What’s not to love about a big old woodfired loaf of bread? The first time I saw a Pain Poilâne, I wanted to sink my teeth right into its yeasty innards and let the smell of smoke waft into my brain. And that big crusty miche on the cover of Peter Reinhart’s book? Okay, it’s not woodfired, but it’s dark enough to make me drool. Yes, I’ll admit; I’ve got bread love and I’ve got it bad.
So when I saw the Pane de Matera on display at the Pike Place Market’s cheese festival last weekend, I fell in love all over again. Here was a beautiful, crusty loaf with a creamy center, made by Vero Lucano in brick ovens over in Italy. I didn’t get to sample it, but it looked similar to smaller loaves we’ve been making here at Chez Bullhog. I’d have to admit it held the advantage in size – sometimes, bigger really is better!
Here’s how I make my own.
Makes one 4 1/3 pound (2 Kilo) loaf
Takes 2 or 3 days
For the sponge:
2 ounces each of spelt, semolina and rye flours (1 cup total)
4 ounces of day-old dough
5 ounces (1 1/8 cups) of bread flour
10 ounces (1¼ cups) of cold water
1 teaspoon of salt
½ teaspoon of active dried or instant yeast
For the dough:
All of the sponge from above
4 ounces (5/8 cup) of semolina
16 ounces (3½ cups) of all-purpose unbleached flour
8 ounces (1¾ cups) of bread flour
20 ounces (2½ cups) of water at 100°
2 teaspoons of salt
1 teaspoon of active dried or instant yeast
Make the sponge: Two days before you want to make your bread, combine 2 ounces each of spelt, semolina and rye flours, a cup or so of bread flour, a 4-ounce piece of day-old dough, 10 ounces of cold water and a half teaspoon of dry yeast. Mix thoroughly until your sponge resembles porridge. Cover lightly and let ferment in a cool place for between 24 and 48 hours.

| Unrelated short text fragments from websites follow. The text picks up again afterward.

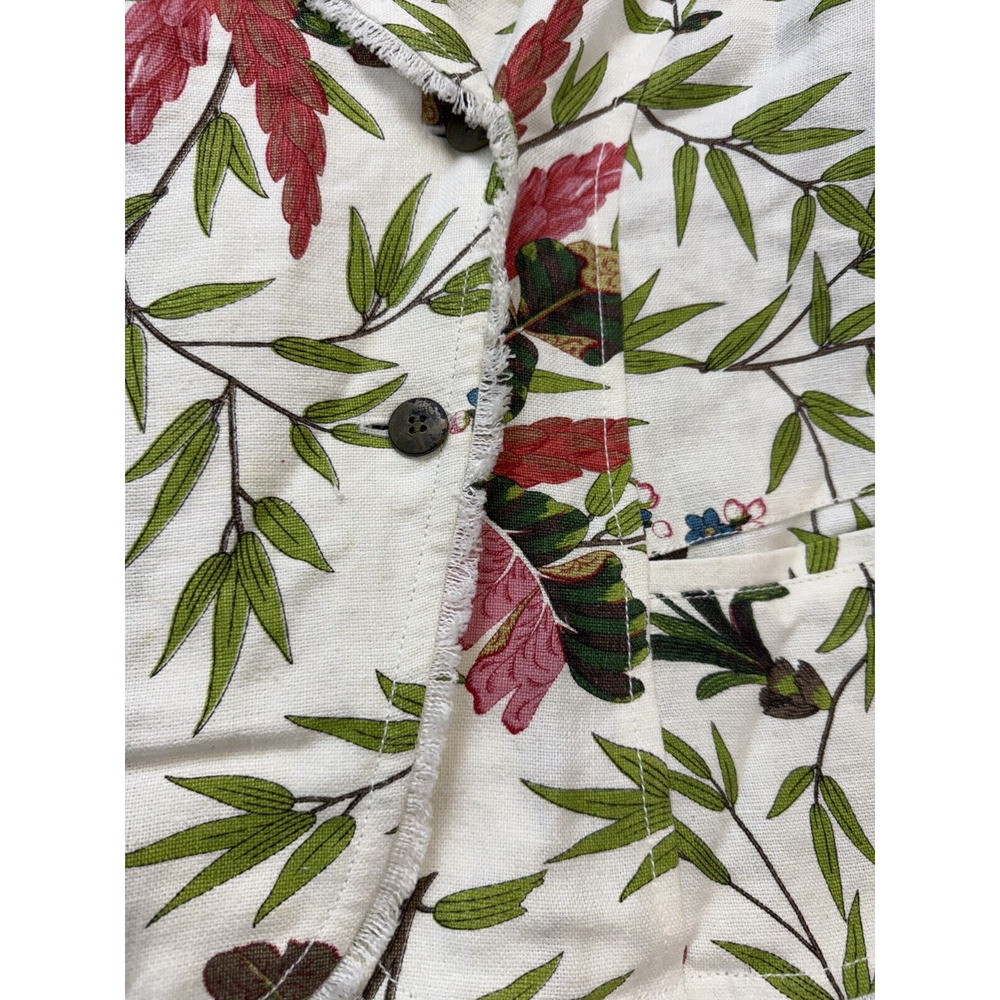 Vintage BoHo Tropical Pring Linen jacket Butterfly Bamboo Floral Size 10 Resort‎ - Picture 9 of 13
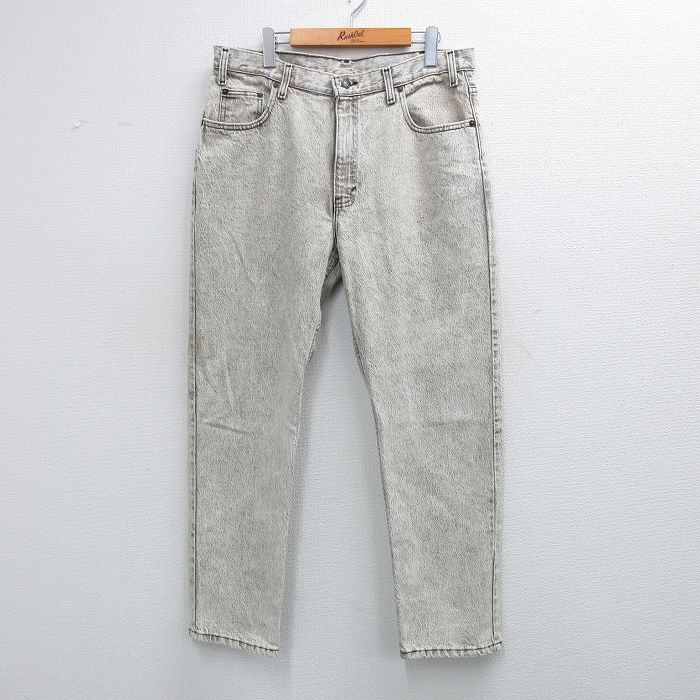 W36★古着 ジーンズ メンズ 80年代 80s ケミカルウォッシュ コットン USA製 薄グレー系 デニム 25nov28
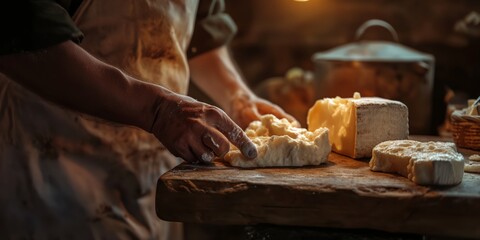 An artisanal cheesemaker prepares fresh cheese on a wooden board, emphasizing traditional techniques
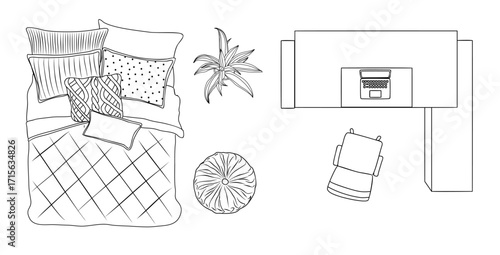 Vector line art of bedroom interior top view with double bed, home office desk, laptop, chair, and potted plant. Minimal outline drawing of modern room design isolated on transparent background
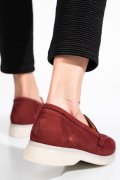 Bordó fordított bőr női lapos cipők 4s7h55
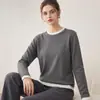 Elegante y sofisticado suéter de lana de dos piezas con cuello redondo para mujer, con un diseño de bloques de color, un efecto adelgazante y una sensación de alta gama.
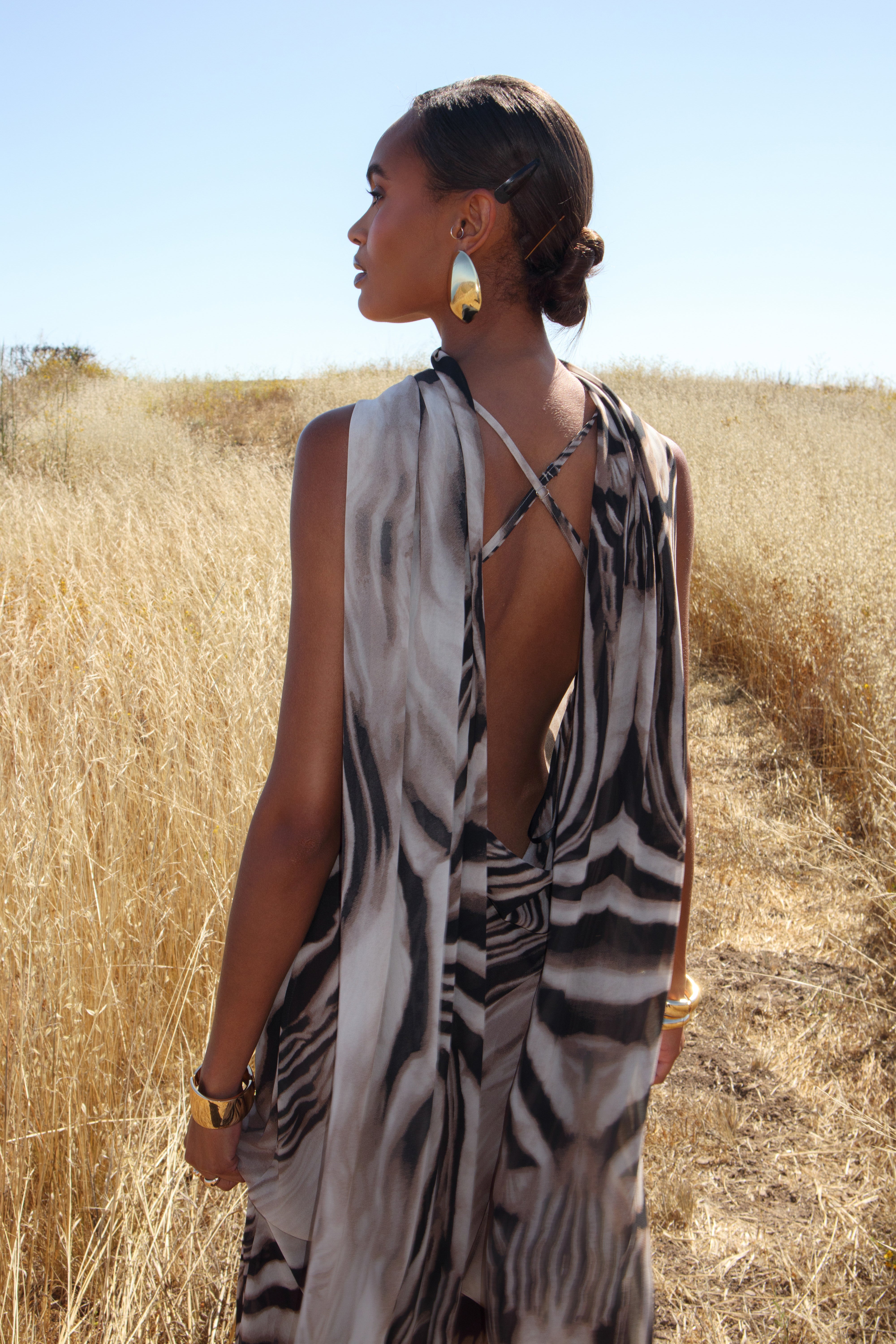 Brown Zebra Print Shadow Safari Scarf - JLUXLABEL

Make the dough: Scrape the sponge into a large mixing bowl. Add 4 ounces (5/8 cup) of semolina, 16 ounces (3½ cups) of all-purpose unbleached flour, 8 ounces (1¾ cups) of bread flour, 20 ounces (2½ cups) of water at 100°, 2 teaspoons of salt and 1 teaspoon of dry yeast. Using the handle of a wooden spoon, mix well, scraping down the sides of the bowl as necessary until you have a large ball of dough. Turn out onto a lightly floured counter and knead for 5 minutes or more.
1st rise: Clean out your bread bowl and return the dough to it. Cover lightly with a lid or plastic wrap and let rise for 3 or 4 hours until double in bulk. Air temperature at this phase should be 65 to 70 degrees.
2nd rise: Turn the dough out onto a lightly floured counter and press most of the air out of it. Pull the edges in to the center, turn the dough over. Return it to the bowl, lightly covered, and let rise for a further 2 to 3 hours. Increase the air temperature to 80° for this phase.
Preheat your woodfired oven: Your fire should be at least 2 hours old, with moderate to high heat. You can keep the fire in the center until the last minute to heat the oven deck where this big guy will sit while baking. Push the mature coals to the back of the oven and brush the ashes off of the floor. There should be 6 to 8 fist-sized chunks of glowing hardwood coal and a good bed of embers when the bread goes in. A small amount of active flame will give a light char to the crust.
Shaping and last proof: After its second rise, turn the dough onto the counter and cut it into three pieces. Shape each piece to look like a fat baguette and braid the pieces, tucking the ends under. Place the loaf on a wooden peel well-dusted with semolina and let rise at 80° for a further 45 minutes, until the braids are no longer recognizable. Brush lightly with water and slash the top if desired.
Bake for 1 hour 10 minutes, until dark brown. Put the cover in place on the front of the oven, leaving it cocked open by 1” on one side. Turn the bread after 20 minutes, and again several times to ensure even baking.
Once your Big Fat Italian Bread is baked, allow it to cool for at least 2 hours to fully develop its lovely crust. Better would be to give it longer, but I know I can never wait. Enjoy!